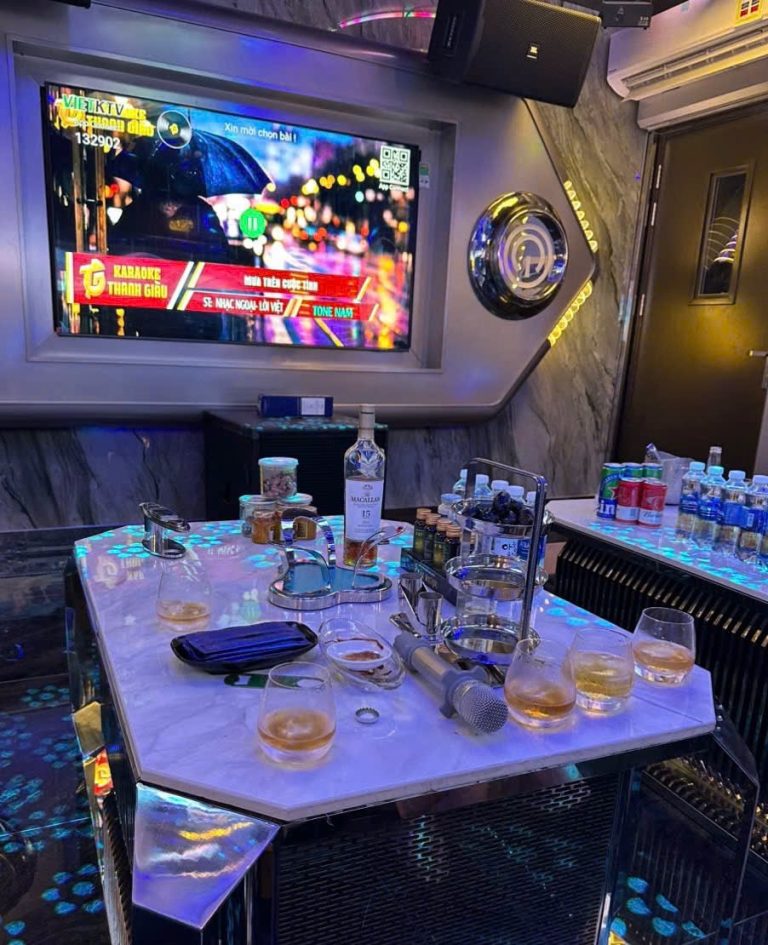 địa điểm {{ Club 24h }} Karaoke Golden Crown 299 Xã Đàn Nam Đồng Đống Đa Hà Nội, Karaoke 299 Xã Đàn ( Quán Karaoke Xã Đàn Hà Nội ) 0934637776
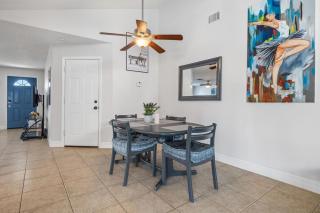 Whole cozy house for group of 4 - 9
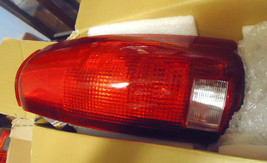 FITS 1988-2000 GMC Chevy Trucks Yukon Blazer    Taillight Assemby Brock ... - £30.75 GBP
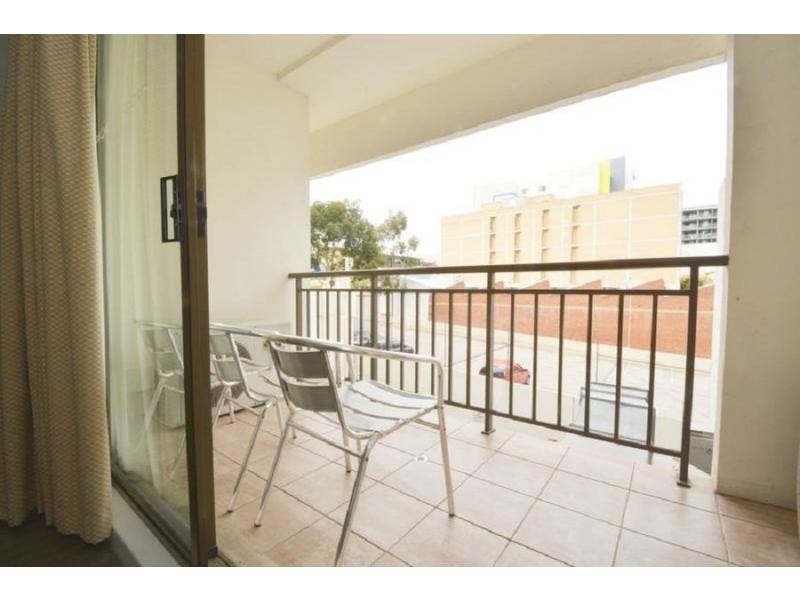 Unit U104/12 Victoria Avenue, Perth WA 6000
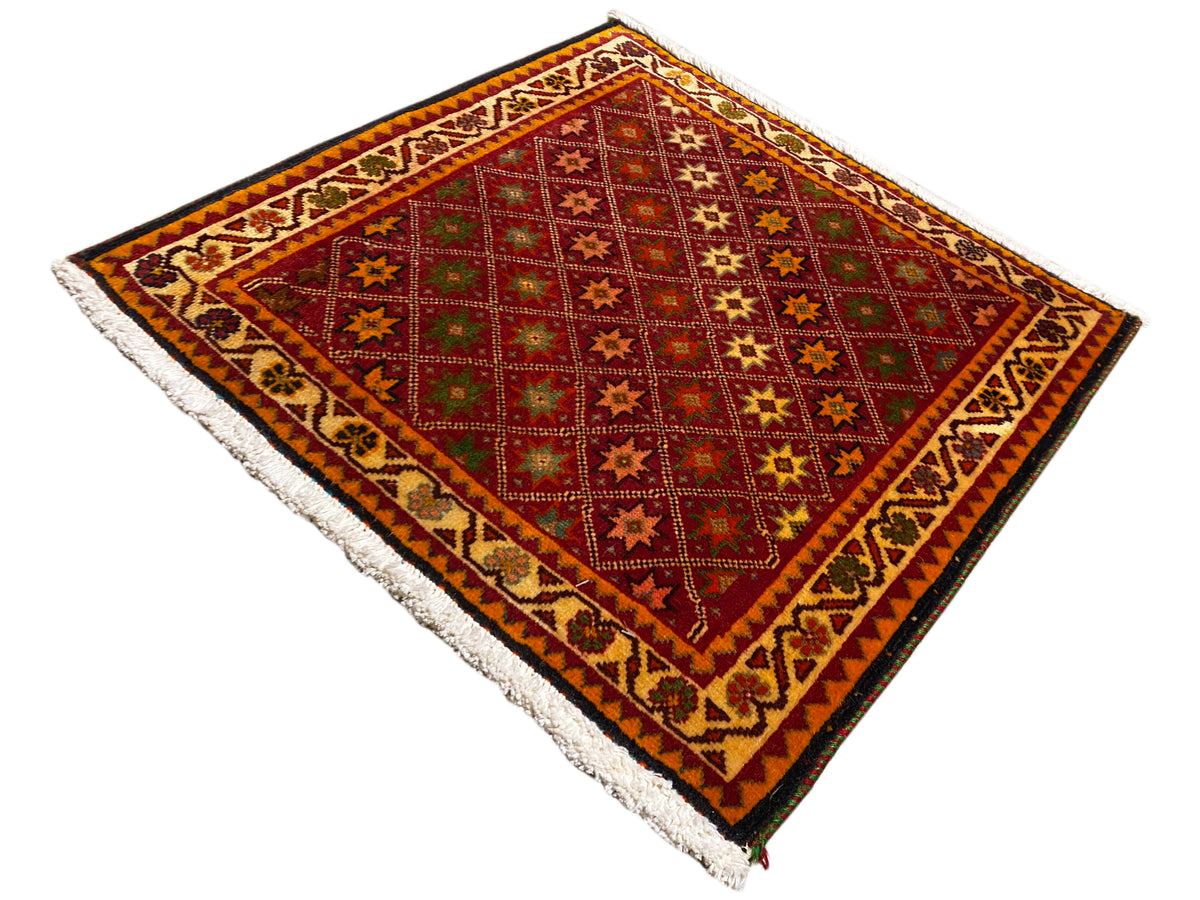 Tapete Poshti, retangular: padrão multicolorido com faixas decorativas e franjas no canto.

::::::::

Could you set down exactly, and only, the lines from the line containing "FITS 1988-2000 GMC" through the last line of the records, both included, without the pictures?

§ **Answer to this task**:
 FITS 1988-2000 GMC Chevy Trucks Yukon Blazer    Taillight Assemby Brock ... - £30.75 GBP
 Unit U104/12 Victoria Avenue, Perth WA 6000
 Tapete Poshti, retangular: padrão multicolorido com faixas decorativas e franjas no canto.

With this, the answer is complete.